L'exécution se distingue par la direction on ne peut plus engagée de Thibault Noally qui tire de cette musique séduisante tous ses prestiges, ses couleurs raffinées, ses oppositions tranchées, ses ensembles bien architecturés. Noally dirige du violon, comme le montre la photo prise lors d'une exécution au Festival de La Chaise-Dieu 2019 ayant précédé le présent enregistrement. Un fin musicien sur les traces de ses grands aînés, singulièrement de son mentor Marc Minkowski, ou le parfait tenant d'une nouvelle génération de baroqueux, historiquement informés ! Son propre ensemble Les Accents, fort de 17 musiciens dont lui-même, distille de bien séduisantes sonorités et un raffinement instrumental digne des autres grandes formations du moment. Le ripieno est vif comme la basse continue seyante.

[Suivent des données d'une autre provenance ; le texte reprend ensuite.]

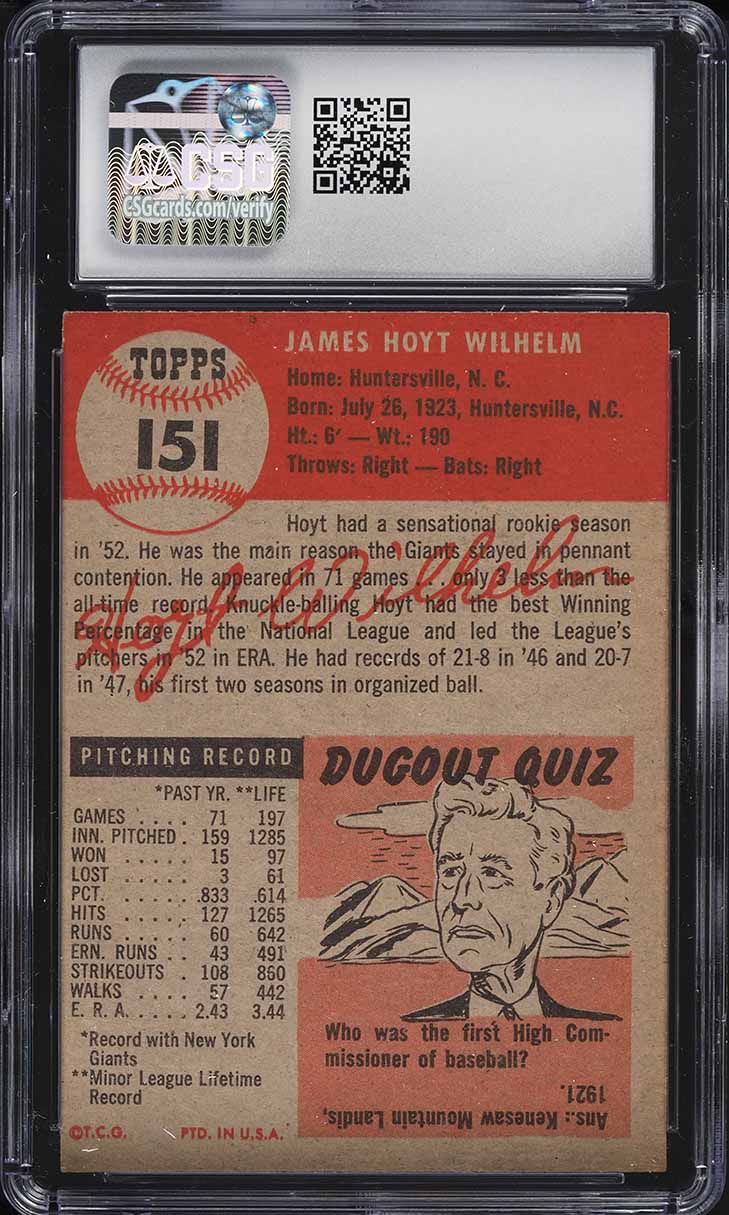1953 Topps Hoyt Wilhelm #151 CSG 5 EX
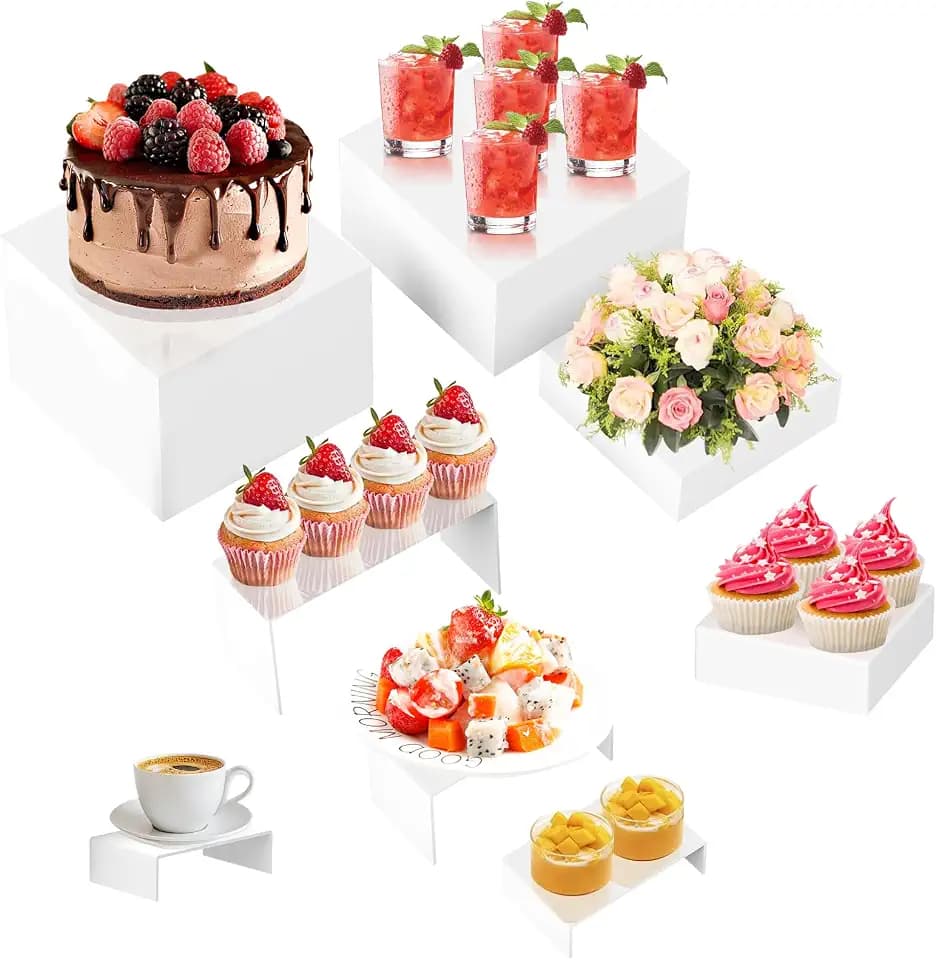 KEAGAN 8 PCS Buffet Riser Acryl Ständer für Präsentation Weiße Buffet Erhöhungen Dessert-Ständer mit hohlen Böden 4 verschiedene Würfelgrößen Displayständer Dessert Tisch Display Set für Lieferanten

Le quatuor vocal répond sans faille. Emiliano Gonzalez Toro, rompu à cet idiome, campe un Arseno à la fois vaillant et aux beaux accents lyriques dans l'aria ''O lieto quel core'' (Oh heureux est ce cœur). De son riche timbre de mezzo contralto, Anthéa Pichanick ennoblit la partie de Decio, notamment à l'aria ''Non è fierezza'' (User de la fierté) pourvu d'un solo de violon dans un tempo très allant. Renato Dolcini, entendu naguère à Salzbourg dans le rôle de Seneca du Couronnement de Poppée, offre un timbre de baryton basse ductile dans les arias di furore dont est pourvu le rôle d'Urbano : colère et esprit vengeur à l'aria ''Già d'ira m'accendo'' (Voilà que la colère m'embrase), avec vocalises outragées. Le personnage se voit offrir une ligne vocale très ornementée et de singulières sonorités par l'accompagnement d'orgue positif, comme à l'aria ''L'offendere un Rege'' (Offenser un roi) pourvue des graves ferraillant dans un presto relevé étalant une méchante colère. C'est au personnage titre que sont dévolus les plus beaux morceaux. Le soprano clair mais aussi corsé d’Emmanuelle de Negri est taillé pour ce caractère singulier de femme déterminée, fière, engagée, au fil d'arias brillantes ou de ''scena'' dramatiques. Tour à tour emportée (''Son pronta all'offese''/Je suis prête aux offenses) et aspirant au bonheur éternel dans ''Se il Cielo m'invita'' (Si le ciel m'invite) où Teodosa ''méprise la vie'', car ''il est doux de mourir'', sur le ton implorant mais dans un flux vocal prétexte à de longues tenues. L'aria ''Mi piace il morire'' (Il me plaît de mourir) renouvelle pareille volonté alors qu'Urbano essaie de détourner son fils d'un amour voué à l'échec et que celui-ci plaide pour sauver Teodosia du courroux paternel. La fragilité traverse la bouleversante aria ''Soccorretemi Cieli fideli'' (Secourez-moi, cieux fidèles), de la femme prête au martyr, d'une inébranlable résolution. De Negri est royale tout au long de ce parcours dont le récitatif et l'aria finale voient les adieux pathétiques de la sainte et sa transfiguration sur une invocation émue, tandis que le ripieno se fait de plus en plus discret.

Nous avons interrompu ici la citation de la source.